Piddington K.C. (with him Farrer), for the applicant.
McGhie, for the respondent,
Piddington K.C., in reply.
The following judgments were delivered:—
Rich J.
Three objections have been raised by Mr. Piddington to the conviction in this case. He contended in the first place that as there was no warrant or summons issued the magistrate had no jurisdiction to convict the accused. This objection was not taken at the hearing, and is clearly met by sec. 133 (1) of the Justices Act which reads as follows:—"Where the party convicted, or any party whose goods have been condemned or directed to be sold as forfeited, was present at the hearing of the case, the conviction or order shall be sustained, although there may have been no information or summons, unless such party objected at such hearing that there was no information or summons." Mr. Piddington next contended that the evidence did not support the charge of habitually consorting with reputed criminals. The offence connotes frequenting the company of reputed criminals and is a question of degree. It is inadvisable and, perhaps, impossible, to attempt an exhaustive definition of the offence, and, having regard to the order which the Court proposes to make. I shall not deal further with this question.

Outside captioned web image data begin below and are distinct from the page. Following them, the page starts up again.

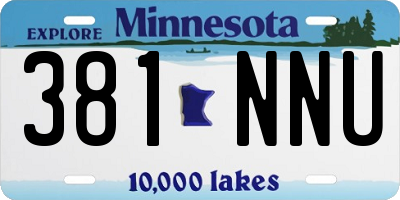MN license plate 381NNU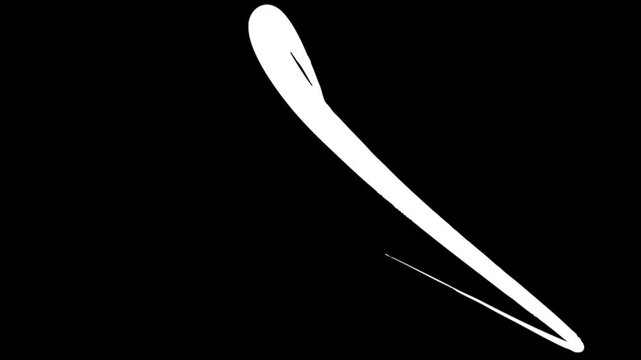 ELEGANT white calligraphic brush stroke cursive letter a loop isolated on transparent background abstract artistic line art design graphic element backdrops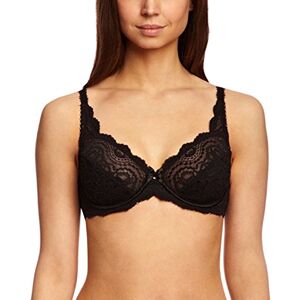 Playtex Women's Flower Elegance Classic Bra Lace Push Up Bra Black Black 38DDDD (Brand size: 100E)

The next objection was as to the inadmissibility of evidence as to the character of the accused. This evidence was objected to at the hearing. It is clearly inadmissible having regard to the manner in which and the time at which it was led. On this ground, therefore, the conviction should be set aside. The dictum in the case of R. v. Gibson[1], that it is open to the Crown to give evidence of the character of the accused, even though the question of character has not been raised by him, should not, I think, be followed.
Starke J.
I agree.
Dixon J.
I desire to add that I agree that our decision does involve the position that the Crown is not entitled under sec. 412 of the Crimes Act 1900 N.S.W. to lead evidence of the accused's bad character as appears to have been suggested in Gibson's Case[2].
Evatt J.
As the matter is of general importance in the administration of criminal justice in New South Wales, I desire to emphasize that the decision we are giving rejects the interpretation of sec. 412 of the Crimes Act 1900 N.S.W. which commended itself to the Supreme Court in the case of R. v. Gibson[3].
McTiernan J.
I agree. I do not wish to add anything to what has been said by Rich J.
Appeal allowed. Order of Maxwell J. discharged. In lieu thereof conviction set aside and case remitted to the magistrate with the opinion of the Court that the evidence objected to was inadmissible and the information should be reheard. No order as to costs.
Solicitor for the applicant, Jack Thom.
Solicitor for the respondent, J. E. Clark, Crown Solicitor for New South Wales.
[1] (1930) 30 S.R. (N.S.W.) 282; 47 W.N. (N.S.W.) 119.
[2] (1930) 30 S.R. (N.S.W.) 282; 47 W.N. (N.S.W.) 119.
[3] (1930) 30 S.R. (N.S.W.) 282; 47 W.N. (N.S.W.) 119.